The distribution patterns of Olympia oyster larvae in Fidalgo Bay differed from those observed in Olympia oyster populations in Coos Bay, OR (Peteiro and Shanks 2015). The two populations are genetically distinct (Silliman 2019), so might have evolved different behavioral strategies to optimize larval survival. While larvae within Coos Bay estuary must be retained to avoid wastage into the open coast (Peteiro and Shanks 2015), larvae in the Salish Sea have opportunities to encounter potential habitat even if they are transported far from their natal population, as suggested by widespread historic distribution of Olympia oyster beds (Blake and Bradbury 2012; Hatch and Wyllie-Echeverria 2016) and population genetic studies that indicate little genetic differentiation (i.e., high larval exchange) at the scale of Salish Sea sub-basins (Stick 2011; Silliman 2019). Nevertheless, despite the fact that Olympia oyster larvae in Fidalgo Bay accumulate near the surface during both ebb and flood tide, larval vertical distribution patterns probably have little effect on transport of Fidalgo Bay populations because the bay does not exhibit two-way flow or strong vertical shear due to its lack of freshwater input and high channelization. However, we might expect that vertical distribution and ontogenetic migration will have a stronger influence on Olympia oyster larval transport and dispersal from other restoration sites and potential habitat areas that are similarly shallow bays but exhibit sheared flow or stratification due to geomorphology and freshwater input (Blake and Bradbury 2012; Hatch and Wyllie-Echeverria 2016). These areas might support source populations for the species, as larvae that distribute in the surface during ebb and flood tide in these habitats will likely have a net seaward transport and disperse from their natal populations. In contrast, larvae are probably mostly retained and settle within Fidalgo Bay based on results from this study and observed settlement patterns (Dinnel 2016) and so is likely a sink population for the central Salish Sea.

Differences in larval distributions between populations have been shown for several taxa and might be due to differing physical conditions that influence passive movement and/or trigger differing larval behavioral responses (Morgan et al. 2014) and could be driven by phenotypic plasticity or genetic differences to enhance larval survivorship given local conditions. Phenotypic plasticity in larval behavior has also been observed in several species and might be common for species with large ranges occupying diverse habitats (Morgan and Anastasia 2008). For example, certain fiddler crab species match their tidal vertical migrations with local tidal rhythms to enhance larval export (Morgan and Anastasia 2008), and shore crab larvae of adjacent coastal and estuarine populations exhibit different diel and vertical migration behaviors to enhance larval transport to offshore nursery areas given different spawning locations (Miller and Morgan 2013b). Giant sea scallop larvae from distinct populations display significantly different vertical migration patterns in the same laboratory conditions (Manuel et al. 1996). If the contrasting Olympia oyster larval distributions in Fidalgo Bay and Coos Bay were driven by differing physical conditions, depth is the most likely contributing factor. Sampling sites in both bays exhibited channelized tidal currents with comparable speeds, but Fidalgo Bay is about three times shallower than Coos Bay (3.5-m average depth during sampling compared to 12 m), which might have altered passive movement from differing slopes and tidal vertical advection (Weinstock et al. 2018) or active movement based on bivalve larval response to pressure (Bayne 1964; Mann and Wolf 1983; Young 1995).

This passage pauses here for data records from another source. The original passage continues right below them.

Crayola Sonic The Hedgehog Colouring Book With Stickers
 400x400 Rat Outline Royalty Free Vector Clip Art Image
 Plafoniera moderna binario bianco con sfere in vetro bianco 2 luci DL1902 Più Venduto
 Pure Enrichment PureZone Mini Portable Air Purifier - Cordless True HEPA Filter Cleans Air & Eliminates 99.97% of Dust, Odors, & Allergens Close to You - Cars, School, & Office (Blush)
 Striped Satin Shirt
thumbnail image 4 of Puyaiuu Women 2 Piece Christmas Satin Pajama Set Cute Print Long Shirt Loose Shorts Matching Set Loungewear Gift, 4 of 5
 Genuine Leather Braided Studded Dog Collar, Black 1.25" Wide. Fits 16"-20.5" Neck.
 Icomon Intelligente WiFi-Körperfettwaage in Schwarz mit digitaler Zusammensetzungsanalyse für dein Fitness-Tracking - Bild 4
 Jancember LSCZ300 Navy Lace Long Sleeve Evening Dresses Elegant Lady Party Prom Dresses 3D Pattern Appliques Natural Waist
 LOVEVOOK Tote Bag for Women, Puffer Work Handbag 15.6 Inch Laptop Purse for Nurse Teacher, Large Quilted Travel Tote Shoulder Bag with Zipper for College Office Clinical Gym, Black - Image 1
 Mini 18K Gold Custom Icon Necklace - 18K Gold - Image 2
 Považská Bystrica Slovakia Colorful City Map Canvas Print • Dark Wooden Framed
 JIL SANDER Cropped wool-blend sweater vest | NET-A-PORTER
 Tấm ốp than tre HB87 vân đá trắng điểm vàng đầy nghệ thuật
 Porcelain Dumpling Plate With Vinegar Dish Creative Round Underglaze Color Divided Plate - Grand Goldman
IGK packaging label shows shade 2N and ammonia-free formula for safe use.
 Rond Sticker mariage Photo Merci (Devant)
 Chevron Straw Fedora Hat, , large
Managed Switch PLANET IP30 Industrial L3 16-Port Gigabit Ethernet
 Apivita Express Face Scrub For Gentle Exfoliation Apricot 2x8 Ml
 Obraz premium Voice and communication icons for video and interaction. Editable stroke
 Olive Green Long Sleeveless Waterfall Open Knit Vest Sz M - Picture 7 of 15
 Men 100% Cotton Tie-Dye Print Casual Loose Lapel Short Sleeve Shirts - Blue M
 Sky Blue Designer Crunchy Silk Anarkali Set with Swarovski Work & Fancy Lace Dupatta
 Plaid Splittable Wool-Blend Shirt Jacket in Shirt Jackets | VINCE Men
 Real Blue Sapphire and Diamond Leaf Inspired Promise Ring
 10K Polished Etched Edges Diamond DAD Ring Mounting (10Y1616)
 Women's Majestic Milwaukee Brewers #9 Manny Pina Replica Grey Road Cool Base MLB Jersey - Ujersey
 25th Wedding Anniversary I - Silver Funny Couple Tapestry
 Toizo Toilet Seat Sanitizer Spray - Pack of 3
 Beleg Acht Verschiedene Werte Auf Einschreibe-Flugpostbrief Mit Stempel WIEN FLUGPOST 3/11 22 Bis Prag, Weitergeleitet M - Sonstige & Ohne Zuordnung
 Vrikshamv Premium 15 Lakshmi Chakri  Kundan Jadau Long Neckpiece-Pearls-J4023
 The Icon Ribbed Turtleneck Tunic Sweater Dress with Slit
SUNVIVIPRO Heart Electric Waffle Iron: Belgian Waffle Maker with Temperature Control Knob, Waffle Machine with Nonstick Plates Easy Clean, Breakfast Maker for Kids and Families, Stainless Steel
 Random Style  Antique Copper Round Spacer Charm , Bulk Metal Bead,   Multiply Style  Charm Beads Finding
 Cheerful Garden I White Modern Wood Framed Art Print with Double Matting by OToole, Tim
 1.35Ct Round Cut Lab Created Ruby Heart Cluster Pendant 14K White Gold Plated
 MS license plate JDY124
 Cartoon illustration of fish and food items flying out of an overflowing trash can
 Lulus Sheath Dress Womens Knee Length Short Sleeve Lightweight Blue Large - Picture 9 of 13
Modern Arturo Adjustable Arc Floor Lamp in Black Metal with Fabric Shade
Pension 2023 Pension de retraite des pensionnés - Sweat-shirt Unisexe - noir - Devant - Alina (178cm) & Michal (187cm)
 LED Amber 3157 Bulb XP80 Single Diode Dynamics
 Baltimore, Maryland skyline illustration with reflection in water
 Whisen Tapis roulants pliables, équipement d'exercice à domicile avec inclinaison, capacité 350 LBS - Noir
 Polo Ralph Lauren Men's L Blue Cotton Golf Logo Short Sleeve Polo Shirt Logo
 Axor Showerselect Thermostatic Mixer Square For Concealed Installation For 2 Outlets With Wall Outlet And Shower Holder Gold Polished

Results of this study underscore that location matters when considering larval distribution patterns; local physical characteristics can drive both passive and active larval movement so neither can be discounted when predicting larval transport and dispersal potential. Nevertheless, while this study broadly highlights the importance of understanding local environmental and hydrodynamic conditions to best predict larval transport patterns, results from this study can also give us a first indication of the key factors that impact vertical distribution of Olympia oyster larvae and can inform larval transport and dispersal patterns from common habitats in the Salish Sea.